If TDM comes under "fair use" - reminder again that this is a US term, which does not travel well - why have so many AI businesses signed deals for content use? 

As US researcher Suchir Balaji outlines in his excellent summary of the current situation, "given the existence of a data licensing market, training on copyrighted data without a similar licensing agreement is also a type of market harm, because it deprives the copyright holder of a source of revenue".

The fact is, this is a commercial situation, not a technological one. If we are to value the output of LLMs, then we want the data they are trained on to be good data. The good data they need is the result of human effort, and that effort must be rewarded. 

The Fear of Missing Out card is being played hard by the AI sector, causing some within to ignore a basic commercial rule that they themselves will not forget when it comes to sending out invoices: you don't give anything away unless there's some benefit to you.
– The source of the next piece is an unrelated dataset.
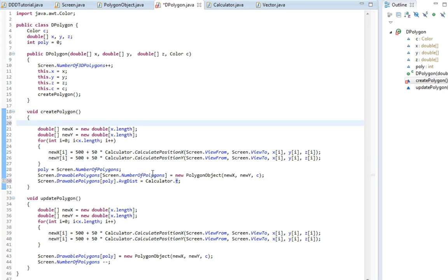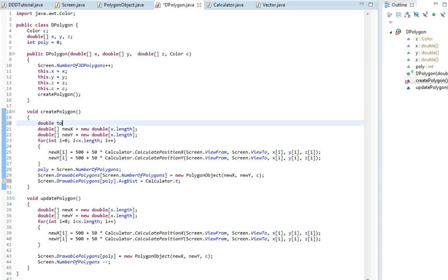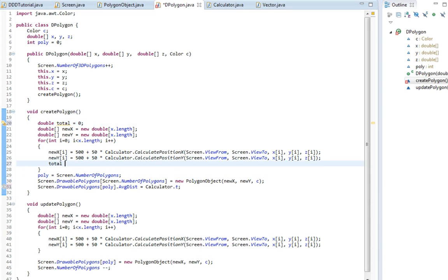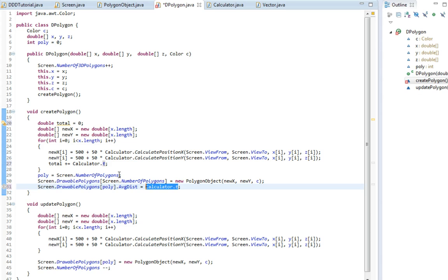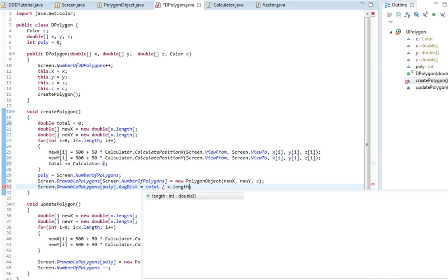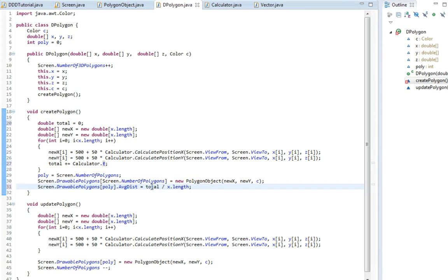So we're going to actually have an average. We're going to figure out the average t value, the average distance. We're going to make a double total set to zero, and then here up here total plus equal calculator.t. And then we write down here we set the average distance. Then we have to get the average, we just check the total and divide by the number of elements. So total divided by x.length. So yeah, now we have set the average distance from our viewpoint to all the points in our polygon.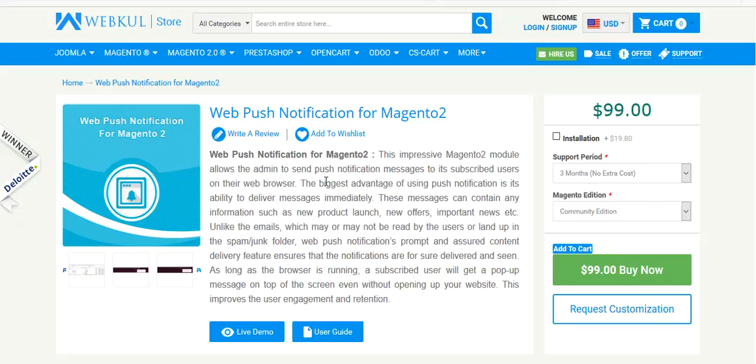Hello friends and welcome to this video tutorial on web push notifications for Magento 2. With this module, the admin can send push notification messages to subscribed users on the web browser. The biggest advantage of push notifications is the ability to deliver messages instantly. These messages can contain product launch information, new offer details, or product updates. Unlike emails, which may land in spam or junk folders, web push notifications ensure content is delivered and seen as long as the browser is running — users get a pop-up message on their screen even without opening your website.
What is accepted as the first true copyright law, the Statute of Anne of 1709, started with the words:  "Whereas Printers, Booksellers, and other Persons, have of late frequently taken the Liberty of Printing ... Books, and other Writings, without the Consent of the Authors ... to their very great Detriment, and too often to the Ruin of them and their Families." 

It wouldn't be that bad if we could all agree that lots of things LLMs had come up with were good and original ideas. I've seen lots of bad ones, but even they weren't new per se. 

When that starts, maybe I'll shut up and drink my unspecific transformed ingredient smoothie.